◆ TASK DESCRIPTION
Could you give the data below again exactly, apart from the pictures?

■ ■ ■ ■ ■

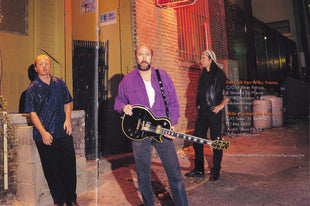 Van Wilks : Koko's Hideaway (CD, Album)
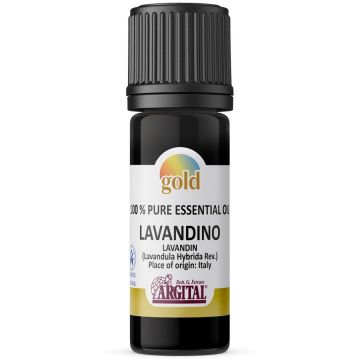 Ulei esential de lavanda, 10ml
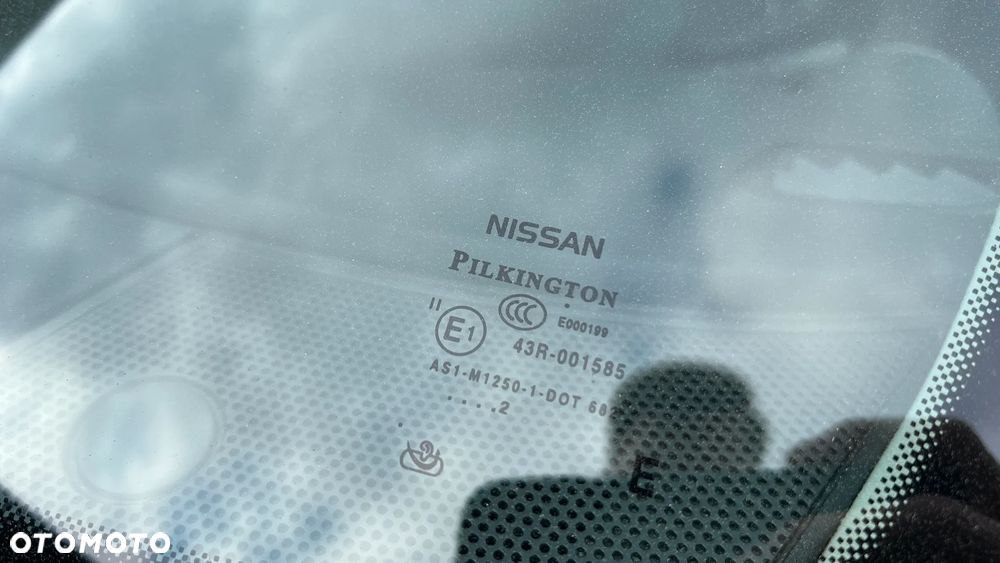 Nissan Qashqai 1.5 dCi DPF acenta - 38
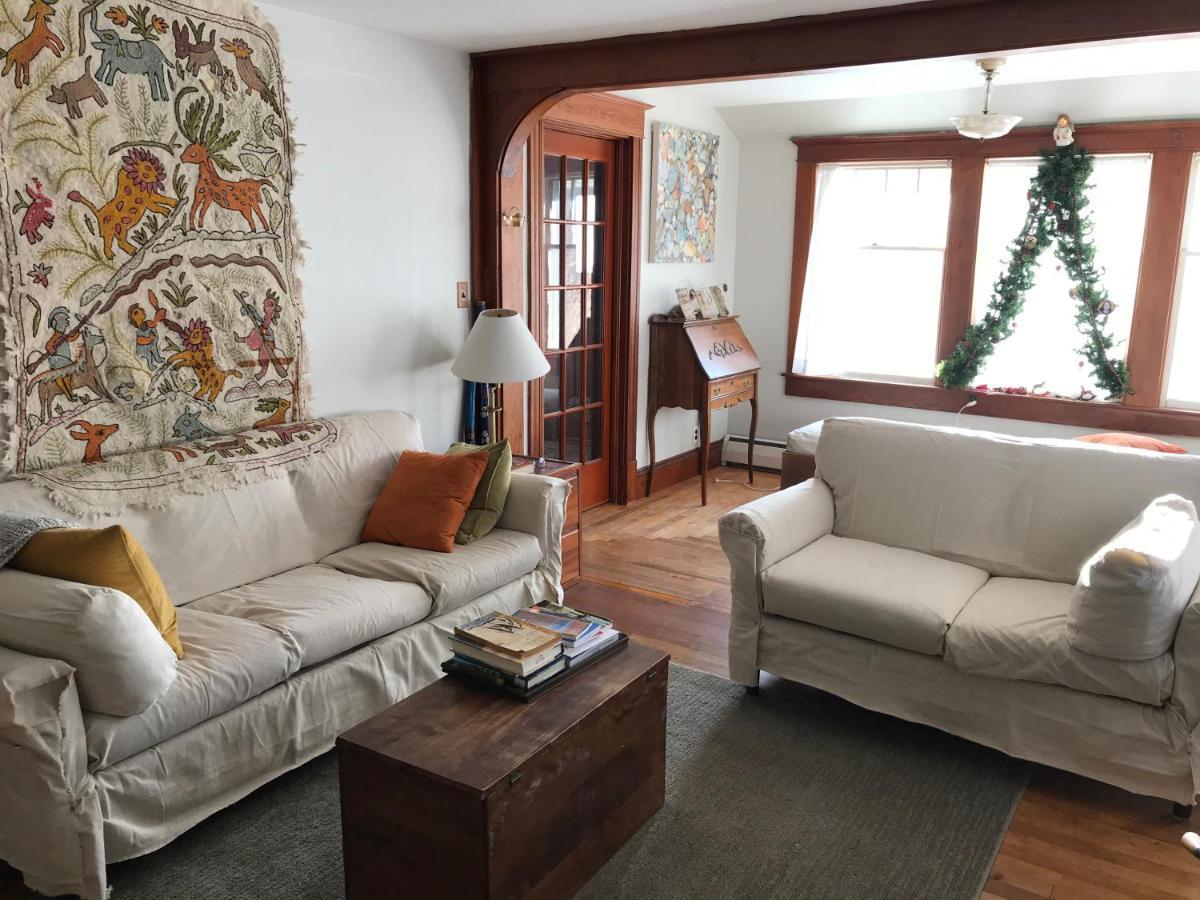 Port Clyde Studio 181 Bed & Breakfast B&B 외부 사진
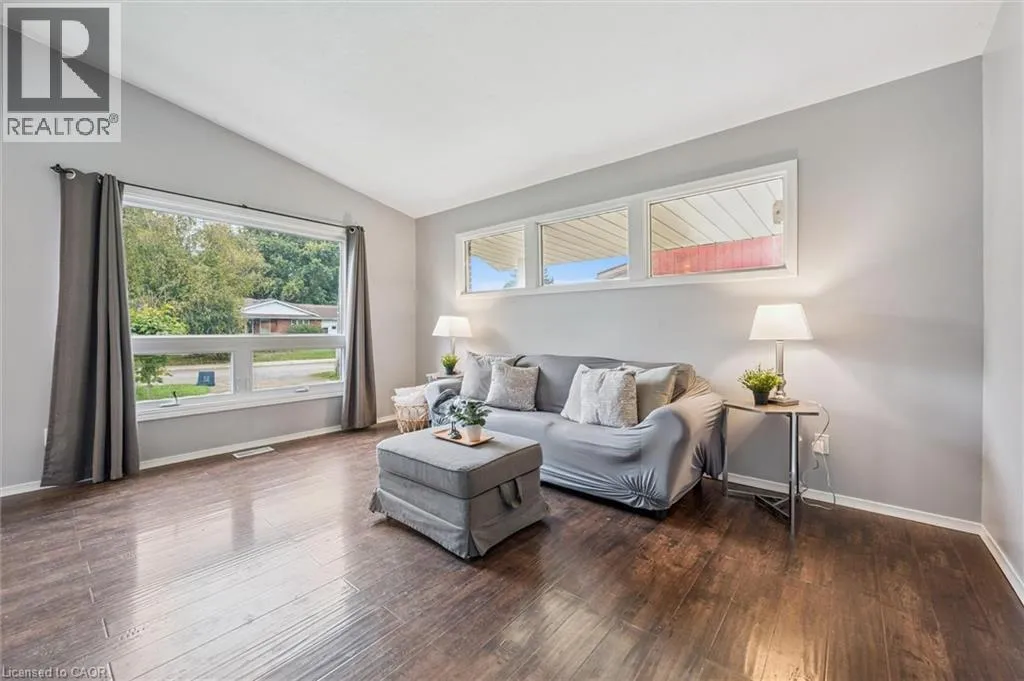 House for rent: 635 Raglan Street, Palmerston, Ontario N0G 2P0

■ ■ ■ ■ ■

◆ EXERCISE RESULT
 Van Wilks : Koko's Hideaway (CD, Album)
 Ulei esential de lavanda, 10ml
 Nissan Qashqai 1.5 dCi DPF acenta - 38
 Port Clyde Studio 181 Bed & Breakfast B&B 외부 사진
 House for rent: 635 Raglan Street, Palmerston, Ontario N0G 2P0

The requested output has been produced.